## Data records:
[Start of section]

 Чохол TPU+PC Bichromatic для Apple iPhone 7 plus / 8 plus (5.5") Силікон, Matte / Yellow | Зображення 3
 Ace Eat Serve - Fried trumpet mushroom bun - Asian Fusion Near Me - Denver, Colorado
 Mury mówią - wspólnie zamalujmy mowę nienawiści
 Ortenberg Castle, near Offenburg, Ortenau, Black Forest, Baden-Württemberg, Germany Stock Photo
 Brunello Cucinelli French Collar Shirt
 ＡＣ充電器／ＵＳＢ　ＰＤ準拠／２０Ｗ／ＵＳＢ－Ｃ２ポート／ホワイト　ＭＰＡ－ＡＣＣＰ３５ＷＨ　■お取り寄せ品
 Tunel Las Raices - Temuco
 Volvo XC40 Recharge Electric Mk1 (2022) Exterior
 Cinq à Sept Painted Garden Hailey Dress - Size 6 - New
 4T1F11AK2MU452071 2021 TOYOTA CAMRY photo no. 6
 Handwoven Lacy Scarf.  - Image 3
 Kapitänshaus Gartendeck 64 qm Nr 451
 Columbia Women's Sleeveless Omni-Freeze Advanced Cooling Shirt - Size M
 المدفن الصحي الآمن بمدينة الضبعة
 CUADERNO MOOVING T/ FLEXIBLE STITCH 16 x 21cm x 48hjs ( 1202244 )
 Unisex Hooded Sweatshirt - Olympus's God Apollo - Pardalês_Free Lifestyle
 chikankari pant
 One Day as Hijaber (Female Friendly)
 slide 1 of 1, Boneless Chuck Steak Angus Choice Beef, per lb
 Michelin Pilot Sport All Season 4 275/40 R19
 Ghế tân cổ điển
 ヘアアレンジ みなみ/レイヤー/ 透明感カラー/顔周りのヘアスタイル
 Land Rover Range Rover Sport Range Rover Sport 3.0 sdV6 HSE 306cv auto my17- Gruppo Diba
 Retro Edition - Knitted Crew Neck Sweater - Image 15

[End of section]

## WORK ITEM:
Your answer must be the line with "Land Rover Range" and all lines after it through the final line of the entries, copied exactly and with nothing added.

## RESULT OF THE TASK:
 Land Rover Range Rover Sport Range Rover Sport 3.0 sdV6 HSE 306cv auto my17- Gruppo Diba
 Retro Edition - Knitted Crew Neck Sweater - Image 15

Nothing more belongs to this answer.